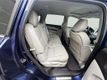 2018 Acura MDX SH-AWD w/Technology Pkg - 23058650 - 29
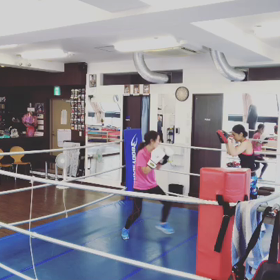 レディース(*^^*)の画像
--------------------------------
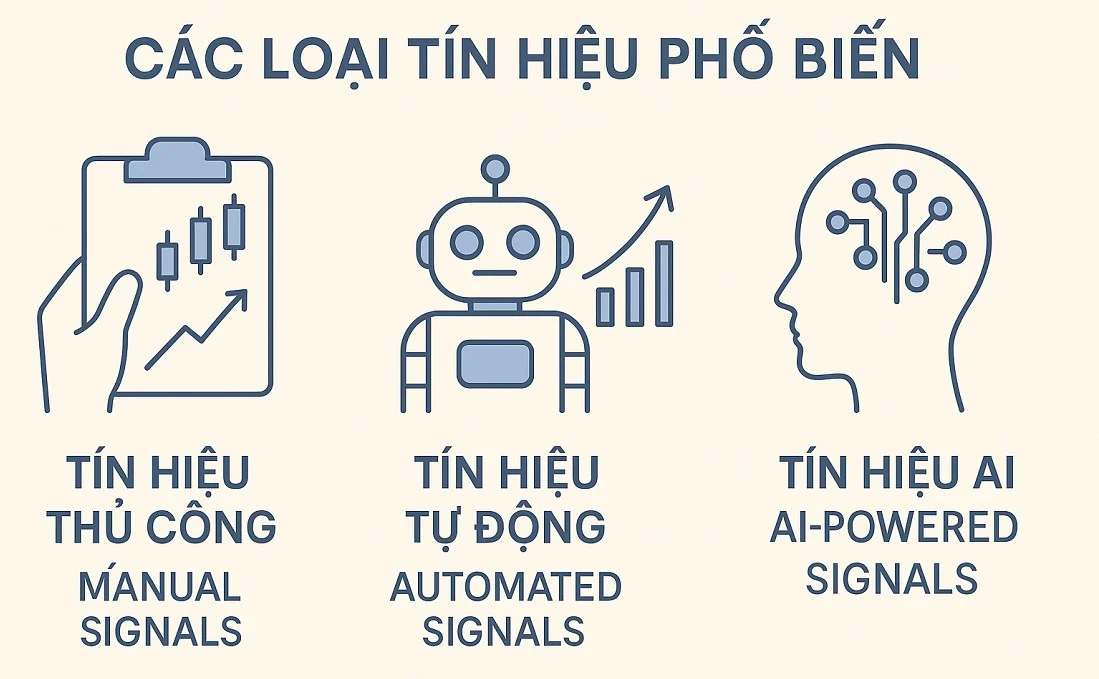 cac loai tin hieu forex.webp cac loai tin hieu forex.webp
--------------------------------
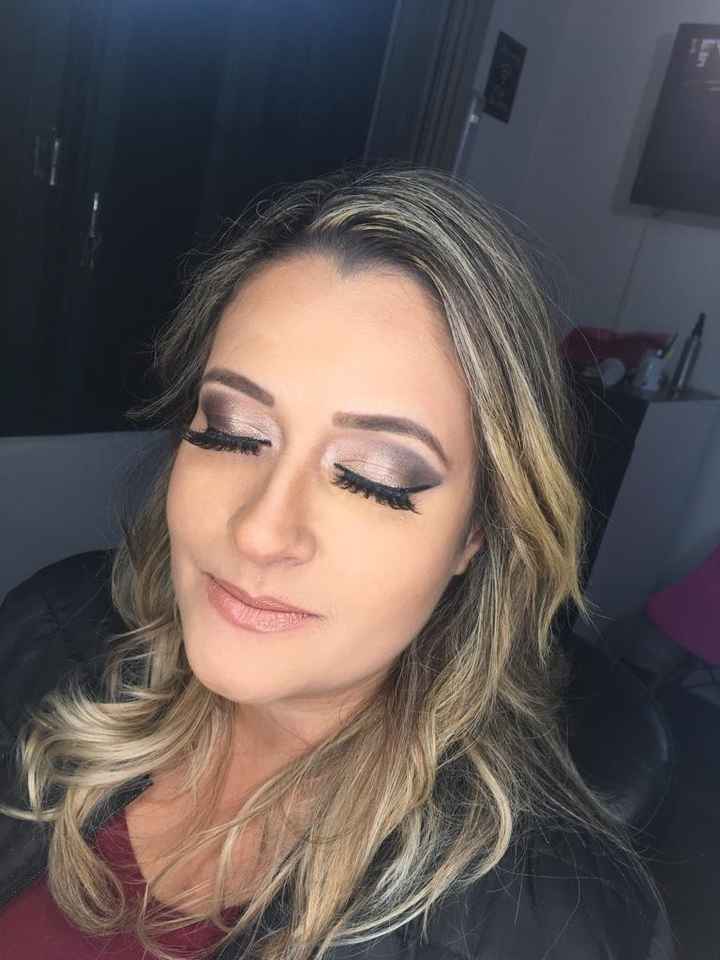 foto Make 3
--------------------------------
_Goal of the exercise_
Nothing except the lines from the one containing "2018 Acura MDX" through the one containing "レディース(*^^*)の画像" should appear in the answer, exactly as above and without pictures.

_Response below_
 2018 Acura MDX SH-AWD w/Technology Pkg - 23058650 - 29
 レディース(*^^*)の画像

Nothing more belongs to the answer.